“Verástegui y la palabra prohibida”
Imagínate
esto: Eduardo Verástegui dice, con voz solemne y gesto de víctima, que
el matrimonio es sagrado… pero solo para ciertos humanos. Los demás,
dice, pueden casarse, sí, pero con otra palabra. “Demonium”, inventó.
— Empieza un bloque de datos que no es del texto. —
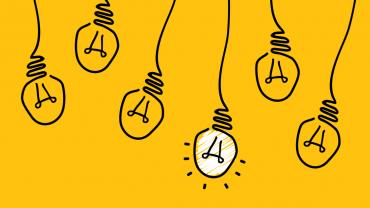Flat drawing of yellow lightbulbs hanging from wires, with one glowing white, in front of a yellow background.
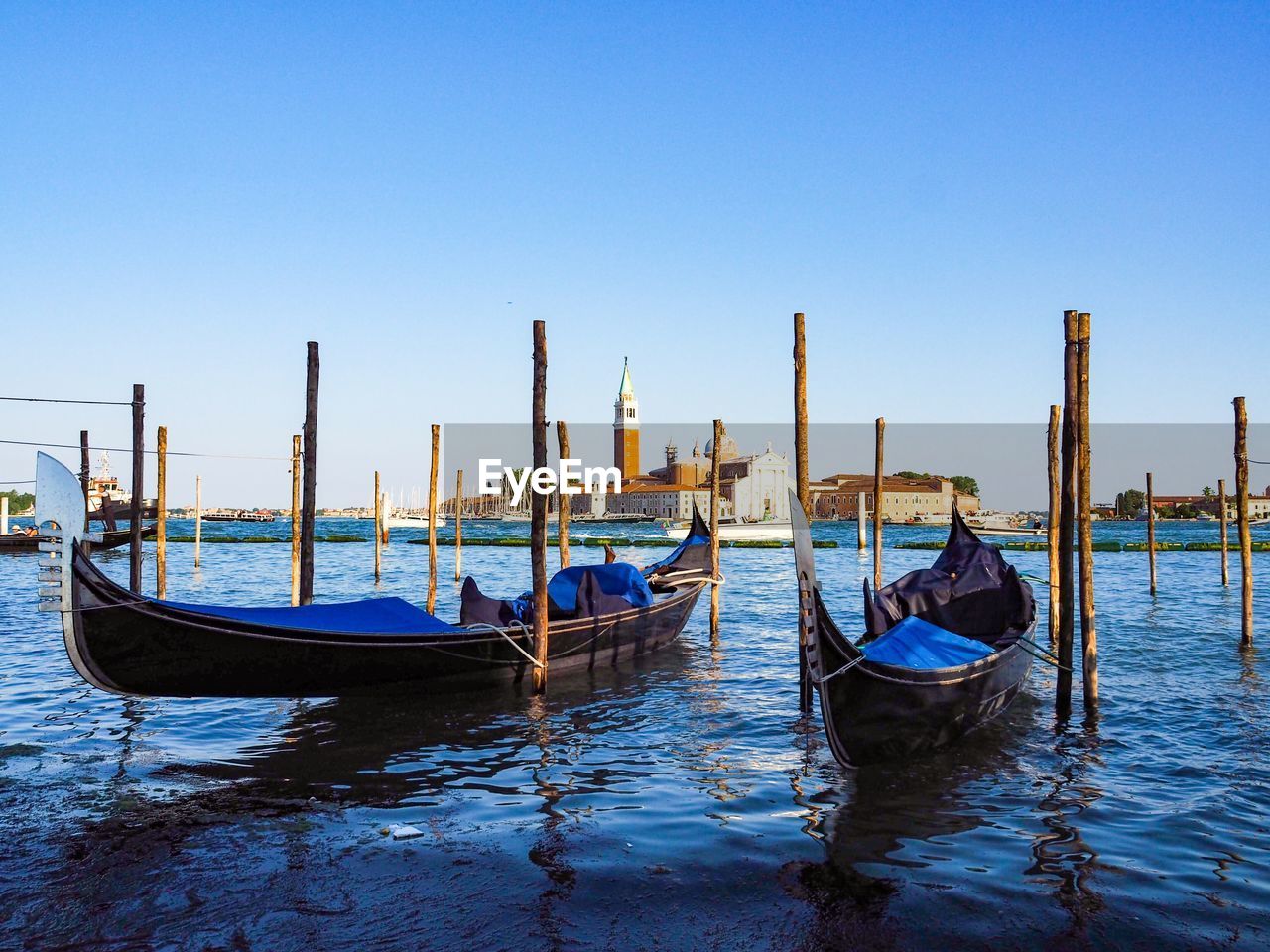 Gondolas moored in canal against sky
Sí, demonium. Como si el amor entre dos personas fuera algo malvado,
oscuro, peligroso… y él tuviera el poder de ponerle sello de diabólico.
Aquí
está lo ridículo: la palabra “matrimonio” no tiene dueño. Nadie le dio
un título de propiedad a los religiosos. No hay registro, no hay
impuesto, no hay licencia. Es un concepto que la humanidad ha ido
construyendo desde que alguien dijo: “Oye, vamos a vivir juntos y
repartir las gallinas”. Y ahora viene Verástegui a decir: “¡Eh! Solo
nosotros podemos decir matrimonio”. Como si el lenguaje fuese una finca y
el amor un inquilino sin contrato.
Lo
más divertido es que el argumento parece tolerante. “No me opongo, solo
que llamen de otra manera”. Claro, porque cambiar la etiqueta
mágicamente borra todos los derechos que conlleva. No, amigo, no
funciona así. Es como decir: “Sí, pueden tener casa propia… pero vamos a
llamarle ‘cabaña demoníaca’”. La cabaña sigue siendo tu casa, aunque le
pongas un nombre ridículo y malvado.
En
resumen, el problema no es el matrimonio, ni la palabra, ni los
derechos. El problema es el ego de Verástegui, que cree que puede
controlar el diccionario y, de paso, decidir qué es bueno o malo para
todos. Y mientras tanto, todos los demás seguimos llamando a las cosas
por su nombre y riéndonos de demonium.